McKenzie trudged inside at various times, in her mud-covered winter boots, updating all of us on the lack of progress. It sounded something like this: “Dad just had to take all of the springs off again. They weren’t lining up right.”

Keep in mind that these aren’t rubber band type springs. I could barely stretch one an inch, and Steve had impressive blisters on his hands by the time the whole event was finished.

Each time I walked by the window, it looked like little progress was being made.

We finally had to leave for the family Christmas dinner. The trampoline would have to wait.

McKenzie never stopped smiling though. She was so excited and never lost sight about what was to come. She knew there would be a trampoline eventually.

As I think about changing the “people don’t change” file in my brain, this trampoline experience is a good word picture for me to remember.

Change takes time. Sometimes it means taking the time to get legitimate instructions from a reliable source and not think we can change on our own. When we are in the middle of the pain or the process or the mess, it can feel like things will never change.

We also have to be willing to look at the big picture and trust that just because things are so messy right now, it doesn’t mean it will always stay like this.

I want to be like McKenzie and not lose sight of what the final product might be.

Anne Lamott wrote one of my favorite spiritual memoirs called Traveling Mercies. I highly recommend it. It is laugh out loud funny, but also offers depth, wisdom and an authenticity that is difficult to match. Around the time that Anne became a Christian, “she was 30 years old, living on a houseboat in Sausalito, trying to write in the daytime and drinking herself into oblivion every night.” She was also a cocaine addict and had recently had an abortion from an affair with a married man.

If I am honest, I often stay stuck in this part of a story and only see the mess. I forget that the story isn’t finished and that God doesn’t always follow my timeline.

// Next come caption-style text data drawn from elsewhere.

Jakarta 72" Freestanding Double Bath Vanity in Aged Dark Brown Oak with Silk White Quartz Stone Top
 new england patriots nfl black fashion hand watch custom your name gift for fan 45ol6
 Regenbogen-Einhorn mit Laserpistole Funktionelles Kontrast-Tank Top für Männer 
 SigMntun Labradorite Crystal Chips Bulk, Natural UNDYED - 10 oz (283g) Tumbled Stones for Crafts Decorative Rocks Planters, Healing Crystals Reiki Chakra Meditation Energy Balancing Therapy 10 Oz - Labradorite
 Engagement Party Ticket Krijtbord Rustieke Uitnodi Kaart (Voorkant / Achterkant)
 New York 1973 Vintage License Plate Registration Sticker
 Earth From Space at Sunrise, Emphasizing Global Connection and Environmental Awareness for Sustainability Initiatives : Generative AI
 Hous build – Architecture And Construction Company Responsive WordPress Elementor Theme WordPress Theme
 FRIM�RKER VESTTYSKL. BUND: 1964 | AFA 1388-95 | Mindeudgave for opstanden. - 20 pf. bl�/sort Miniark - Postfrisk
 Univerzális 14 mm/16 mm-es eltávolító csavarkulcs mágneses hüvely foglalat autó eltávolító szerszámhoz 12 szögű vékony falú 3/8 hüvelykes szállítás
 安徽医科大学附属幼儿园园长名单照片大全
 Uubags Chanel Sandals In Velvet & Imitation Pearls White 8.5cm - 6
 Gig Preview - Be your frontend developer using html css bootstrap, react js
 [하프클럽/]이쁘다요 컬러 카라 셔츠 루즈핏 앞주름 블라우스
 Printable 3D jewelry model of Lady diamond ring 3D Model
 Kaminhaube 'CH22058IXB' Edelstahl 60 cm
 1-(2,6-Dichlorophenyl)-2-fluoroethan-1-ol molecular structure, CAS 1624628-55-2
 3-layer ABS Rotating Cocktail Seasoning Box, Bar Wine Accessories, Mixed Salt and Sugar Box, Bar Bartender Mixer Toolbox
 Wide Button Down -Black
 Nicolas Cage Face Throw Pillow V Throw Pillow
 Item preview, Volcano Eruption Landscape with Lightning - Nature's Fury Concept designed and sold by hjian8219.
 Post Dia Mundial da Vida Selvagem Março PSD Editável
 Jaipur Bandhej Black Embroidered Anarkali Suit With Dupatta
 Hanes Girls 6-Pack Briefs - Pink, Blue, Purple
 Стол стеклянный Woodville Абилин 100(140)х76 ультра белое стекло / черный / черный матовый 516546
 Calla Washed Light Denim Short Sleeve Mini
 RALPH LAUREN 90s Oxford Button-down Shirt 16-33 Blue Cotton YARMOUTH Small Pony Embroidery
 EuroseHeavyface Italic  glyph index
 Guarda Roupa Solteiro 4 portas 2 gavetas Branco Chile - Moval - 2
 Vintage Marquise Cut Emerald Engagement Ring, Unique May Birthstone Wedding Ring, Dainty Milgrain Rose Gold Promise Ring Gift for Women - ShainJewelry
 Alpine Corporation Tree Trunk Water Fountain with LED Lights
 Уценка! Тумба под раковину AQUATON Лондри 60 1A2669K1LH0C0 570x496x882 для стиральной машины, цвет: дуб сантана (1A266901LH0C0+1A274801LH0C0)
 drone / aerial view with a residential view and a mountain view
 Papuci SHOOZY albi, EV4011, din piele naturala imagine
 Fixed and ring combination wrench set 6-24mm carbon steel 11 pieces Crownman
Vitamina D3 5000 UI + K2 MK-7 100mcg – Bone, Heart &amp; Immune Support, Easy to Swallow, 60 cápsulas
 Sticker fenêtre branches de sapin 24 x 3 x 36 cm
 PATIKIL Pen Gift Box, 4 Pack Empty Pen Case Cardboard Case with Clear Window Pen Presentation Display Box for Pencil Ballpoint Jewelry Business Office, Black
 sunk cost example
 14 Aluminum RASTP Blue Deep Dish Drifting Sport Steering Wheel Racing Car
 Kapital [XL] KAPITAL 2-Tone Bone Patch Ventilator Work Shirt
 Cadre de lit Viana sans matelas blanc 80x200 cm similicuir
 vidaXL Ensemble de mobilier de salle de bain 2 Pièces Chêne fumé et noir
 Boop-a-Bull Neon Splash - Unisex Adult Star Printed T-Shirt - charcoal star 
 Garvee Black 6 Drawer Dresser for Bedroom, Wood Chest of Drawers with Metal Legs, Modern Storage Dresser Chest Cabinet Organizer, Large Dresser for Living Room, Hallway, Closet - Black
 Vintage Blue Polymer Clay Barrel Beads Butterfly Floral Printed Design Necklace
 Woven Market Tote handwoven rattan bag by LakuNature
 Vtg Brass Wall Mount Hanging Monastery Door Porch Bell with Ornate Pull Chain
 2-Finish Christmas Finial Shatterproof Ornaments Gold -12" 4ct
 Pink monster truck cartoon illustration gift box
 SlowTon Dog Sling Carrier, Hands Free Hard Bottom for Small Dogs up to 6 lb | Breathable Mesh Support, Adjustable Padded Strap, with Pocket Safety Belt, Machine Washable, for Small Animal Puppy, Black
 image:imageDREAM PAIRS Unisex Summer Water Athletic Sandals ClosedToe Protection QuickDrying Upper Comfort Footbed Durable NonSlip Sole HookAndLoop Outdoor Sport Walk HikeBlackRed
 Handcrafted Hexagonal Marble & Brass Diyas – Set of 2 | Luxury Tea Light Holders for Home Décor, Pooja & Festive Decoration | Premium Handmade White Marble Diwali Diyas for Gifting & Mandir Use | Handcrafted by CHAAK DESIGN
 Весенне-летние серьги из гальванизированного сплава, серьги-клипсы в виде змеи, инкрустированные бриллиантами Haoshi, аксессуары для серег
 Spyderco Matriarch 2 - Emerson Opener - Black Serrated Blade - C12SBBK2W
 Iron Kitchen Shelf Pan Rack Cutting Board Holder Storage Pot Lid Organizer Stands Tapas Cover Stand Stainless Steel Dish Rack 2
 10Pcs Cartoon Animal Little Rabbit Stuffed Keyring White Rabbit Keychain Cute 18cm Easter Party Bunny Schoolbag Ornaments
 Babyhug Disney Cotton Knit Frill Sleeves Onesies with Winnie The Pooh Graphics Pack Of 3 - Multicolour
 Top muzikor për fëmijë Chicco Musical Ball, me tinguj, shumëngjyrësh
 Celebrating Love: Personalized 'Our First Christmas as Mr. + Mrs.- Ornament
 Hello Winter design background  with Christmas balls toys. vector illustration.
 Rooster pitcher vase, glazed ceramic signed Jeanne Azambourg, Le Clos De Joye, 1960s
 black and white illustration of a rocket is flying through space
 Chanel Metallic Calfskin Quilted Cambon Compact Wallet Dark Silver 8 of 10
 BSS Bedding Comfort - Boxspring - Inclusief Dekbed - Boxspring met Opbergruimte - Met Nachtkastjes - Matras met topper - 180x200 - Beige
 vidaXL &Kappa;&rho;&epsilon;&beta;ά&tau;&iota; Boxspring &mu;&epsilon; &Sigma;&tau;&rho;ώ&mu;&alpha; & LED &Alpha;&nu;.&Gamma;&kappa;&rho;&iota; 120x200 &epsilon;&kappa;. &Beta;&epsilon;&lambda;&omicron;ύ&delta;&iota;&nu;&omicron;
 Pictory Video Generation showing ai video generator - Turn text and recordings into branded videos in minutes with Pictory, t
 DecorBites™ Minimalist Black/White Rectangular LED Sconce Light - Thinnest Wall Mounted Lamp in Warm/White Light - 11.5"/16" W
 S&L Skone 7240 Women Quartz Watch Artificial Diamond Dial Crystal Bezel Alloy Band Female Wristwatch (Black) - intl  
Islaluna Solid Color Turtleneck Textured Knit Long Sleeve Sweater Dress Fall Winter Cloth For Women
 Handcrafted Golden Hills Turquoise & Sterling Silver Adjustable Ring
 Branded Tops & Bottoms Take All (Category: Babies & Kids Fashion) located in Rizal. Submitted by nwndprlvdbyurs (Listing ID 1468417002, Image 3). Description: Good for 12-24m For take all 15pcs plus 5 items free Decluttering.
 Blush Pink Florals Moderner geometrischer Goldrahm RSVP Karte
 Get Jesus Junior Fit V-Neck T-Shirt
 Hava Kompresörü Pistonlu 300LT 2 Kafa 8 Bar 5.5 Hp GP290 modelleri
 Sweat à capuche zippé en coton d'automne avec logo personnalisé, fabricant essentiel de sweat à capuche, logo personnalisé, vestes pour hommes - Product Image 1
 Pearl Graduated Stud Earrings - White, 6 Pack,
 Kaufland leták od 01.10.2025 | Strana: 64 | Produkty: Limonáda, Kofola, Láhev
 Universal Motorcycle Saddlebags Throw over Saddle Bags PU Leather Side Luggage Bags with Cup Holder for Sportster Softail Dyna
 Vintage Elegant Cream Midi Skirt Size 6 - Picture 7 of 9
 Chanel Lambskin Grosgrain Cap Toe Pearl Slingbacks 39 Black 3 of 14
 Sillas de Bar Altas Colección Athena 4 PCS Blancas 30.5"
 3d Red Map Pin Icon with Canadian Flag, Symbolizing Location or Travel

You can read about Anne’s conversion here (although I recommend reading the delightful memoir instead), but even after she became a Christian, there was little noticeable change at first. She continued to struggle with her addiction and didn’t become sober for a year.

She will tell you there are still parts of her life that continue to be messy and always will be, but she also knows the hope of Christ and real transformation and change.

And maybe that is the first step in this mission of mine to change the files in my brain.

Looking out my kitchen window today, I see McKenzie happily jumping on her favorite new gift. There is no evidence that there was a struggle to reach this place of jumping bliss, but I don’t want to forget. I need to remind myself of how impatient and worried I felt as I watched the process, sure that our yard would forever be filled with springs and metal and poles, but no real trampoline.

If I would have walked into Anne Lamott’s houseboat so many years ago, I might have thought, “This is beyond hope.” But it wasn’t. It was just the middle of the story and part of the process. The process has been painful and long, but has included much healing, hope and change.

It is truth I want to remind myself of every single day.